- [DATA SECTION]:
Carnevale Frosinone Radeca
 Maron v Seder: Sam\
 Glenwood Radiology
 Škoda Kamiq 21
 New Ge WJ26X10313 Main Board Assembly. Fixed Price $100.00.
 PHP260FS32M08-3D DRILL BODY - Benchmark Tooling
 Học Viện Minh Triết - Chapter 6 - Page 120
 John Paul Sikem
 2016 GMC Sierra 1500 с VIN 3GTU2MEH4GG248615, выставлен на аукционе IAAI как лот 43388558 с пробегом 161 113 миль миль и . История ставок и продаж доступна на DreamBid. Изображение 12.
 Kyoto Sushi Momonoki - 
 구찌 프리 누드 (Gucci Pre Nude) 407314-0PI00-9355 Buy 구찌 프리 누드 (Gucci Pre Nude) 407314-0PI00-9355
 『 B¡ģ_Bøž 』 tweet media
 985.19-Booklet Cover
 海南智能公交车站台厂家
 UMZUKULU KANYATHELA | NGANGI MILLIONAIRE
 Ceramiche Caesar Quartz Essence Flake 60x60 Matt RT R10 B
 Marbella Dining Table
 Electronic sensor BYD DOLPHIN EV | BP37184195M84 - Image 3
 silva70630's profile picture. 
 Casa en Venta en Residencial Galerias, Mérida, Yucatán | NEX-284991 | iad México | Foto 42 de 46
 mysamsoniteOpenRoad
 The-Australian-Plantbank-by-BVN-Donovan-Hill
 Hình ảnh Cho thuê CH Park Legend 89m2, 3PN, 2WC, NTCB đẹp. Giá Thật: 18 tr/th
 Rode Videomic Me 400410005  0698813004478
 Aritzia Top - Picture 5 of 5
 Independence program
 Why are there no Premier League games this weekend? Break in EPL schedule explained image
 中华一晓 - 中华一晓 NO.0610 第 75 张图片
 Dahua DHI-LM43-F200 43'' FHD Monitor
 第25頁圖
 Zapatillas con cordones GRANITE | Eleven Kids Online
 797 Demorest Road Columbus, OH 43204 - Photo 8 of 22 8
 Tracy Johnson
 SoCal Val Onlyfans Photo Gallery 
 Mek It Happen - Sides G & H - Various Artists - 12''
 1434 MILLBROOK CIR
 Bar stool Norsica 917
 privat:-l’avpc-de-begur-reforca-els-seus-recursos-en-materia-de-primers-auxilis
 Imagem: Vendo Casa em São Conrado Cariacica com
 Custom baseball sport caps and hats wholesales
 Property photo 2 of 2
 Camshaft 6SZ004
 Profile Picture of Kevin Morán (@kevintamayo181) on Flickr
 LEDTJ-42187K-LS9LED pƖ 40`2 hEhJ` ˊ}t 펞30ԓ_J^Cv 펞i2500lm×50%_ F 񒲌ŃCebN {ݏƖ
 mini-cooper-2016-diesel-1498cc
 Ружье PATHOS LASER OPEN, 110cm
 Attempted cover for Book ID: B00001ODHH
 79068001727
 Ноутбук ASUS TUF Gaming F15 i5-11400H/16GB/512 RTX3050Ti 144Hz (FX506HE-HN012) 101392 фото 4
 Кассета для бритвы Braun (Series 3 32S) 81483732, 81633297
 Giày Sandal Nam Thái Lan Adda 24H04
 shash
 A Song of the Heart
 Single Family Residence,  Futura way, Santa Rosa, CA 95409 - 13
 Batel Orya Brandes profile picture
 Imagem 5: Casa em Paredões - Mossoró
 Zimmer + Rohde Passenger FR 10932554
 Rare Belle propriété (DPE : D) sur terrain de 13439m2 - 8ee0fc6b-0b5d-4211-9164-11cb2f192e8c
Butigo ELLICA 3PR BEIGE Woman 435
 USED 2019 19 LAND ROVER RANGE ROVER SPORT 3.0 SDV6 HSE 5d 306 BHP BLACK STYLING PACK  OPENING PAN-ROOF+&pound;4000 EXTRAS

- [PROBLEM DESCRIPTION]: What lines in the entries above include the string "Casa"? Return each one.

- [EXERCISE RESULT]:
 Casa en Venta en Residencial Galerias, Mérida, Yucatán | NEX-284991 | iad México | Foto 42 de 46
 Imagem: Vendo Casa em São Conrado Cariacica com
 Imagem 5: Casa em Paredões - Mossoró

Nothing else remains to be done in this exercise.